• _Aim of the task_: Pull each line holding the word "Image" from the data.

• _Material supplied_:
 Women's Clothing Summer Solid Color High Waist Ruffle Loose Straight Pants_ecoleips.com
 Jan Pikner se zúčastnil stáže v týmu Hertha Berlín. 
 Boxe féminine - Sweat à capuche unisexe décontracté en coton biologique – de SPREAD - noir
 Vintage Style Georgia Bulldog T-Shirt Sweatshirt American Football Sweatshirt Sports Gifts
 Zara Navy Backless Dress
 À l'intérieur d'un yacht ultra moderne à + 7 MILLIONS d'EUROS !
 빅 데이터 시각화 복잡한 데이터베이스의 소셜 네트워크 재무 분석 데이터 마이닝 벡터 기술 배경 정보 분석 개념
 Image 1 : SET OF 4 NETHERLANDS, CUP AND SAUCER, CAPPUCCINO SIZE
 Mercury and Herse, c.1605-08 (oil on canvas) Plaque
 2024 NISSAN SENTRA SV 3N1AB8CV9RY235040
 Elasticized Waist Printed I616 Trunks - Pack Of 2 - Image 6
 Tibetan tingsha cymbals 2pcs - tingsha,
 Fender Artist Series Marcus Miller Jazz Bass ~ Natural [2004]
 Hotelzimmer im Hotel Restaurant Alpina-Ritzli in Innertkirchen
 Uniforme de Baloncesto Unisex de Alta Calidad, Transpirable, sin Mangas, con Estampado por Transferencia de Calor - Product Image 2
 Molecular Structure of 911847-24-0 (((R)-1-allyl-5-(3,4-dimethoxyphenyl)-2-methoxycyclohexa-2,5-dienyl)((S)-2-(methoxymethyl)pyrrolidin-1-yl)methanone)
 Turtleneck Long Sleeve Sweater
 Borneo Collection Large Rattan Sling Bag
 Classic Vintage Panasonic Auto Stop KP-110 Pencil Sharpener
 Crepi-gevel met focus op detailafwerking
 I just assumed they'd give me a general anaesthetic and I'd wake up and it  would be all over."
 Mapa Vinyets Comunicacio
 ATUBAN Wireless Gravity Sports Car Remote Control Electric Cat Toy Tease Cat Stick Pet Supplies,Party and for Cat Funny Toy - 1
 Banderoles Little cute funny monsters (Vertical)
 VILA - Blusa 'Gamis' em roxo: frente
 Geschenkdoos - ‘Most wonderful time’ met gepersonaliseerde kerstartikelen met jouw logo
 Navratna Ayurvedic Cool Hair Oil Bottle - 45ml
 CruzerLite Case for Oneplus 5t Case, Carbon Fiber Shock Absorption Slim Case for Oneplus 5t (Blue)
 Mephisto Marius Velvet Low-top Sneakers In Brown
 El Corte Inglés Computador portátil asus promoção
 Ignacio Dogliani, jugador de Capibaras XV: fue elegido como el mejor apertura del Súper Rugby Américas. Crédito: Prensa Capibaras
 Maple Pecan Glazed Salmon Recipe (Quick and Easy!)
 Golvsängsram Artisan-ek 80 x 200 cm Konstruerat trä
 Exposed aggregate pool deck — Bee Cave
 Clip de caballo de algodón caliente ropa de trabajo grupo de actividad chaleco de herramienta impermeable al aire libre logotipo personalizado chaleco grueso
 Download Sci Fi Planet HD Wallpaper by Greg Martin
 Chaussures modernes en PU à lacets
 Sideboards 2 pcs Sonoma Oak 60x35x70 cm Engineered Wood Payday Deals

• _Exercise solution_:
 Image 1 : SET OF 4 NETHERLANDS, CUP AND SAUCER, CAPPUCCINO SIZE
 Elasticized Waist Printed I616 Trunks - Pack Of 2 - Image 6
 Uniforme de Baloncesto Unisex de Alta Calidad, Transpirable, sin Mangas, con Estampado por Transferencia de Calor - Product Image 2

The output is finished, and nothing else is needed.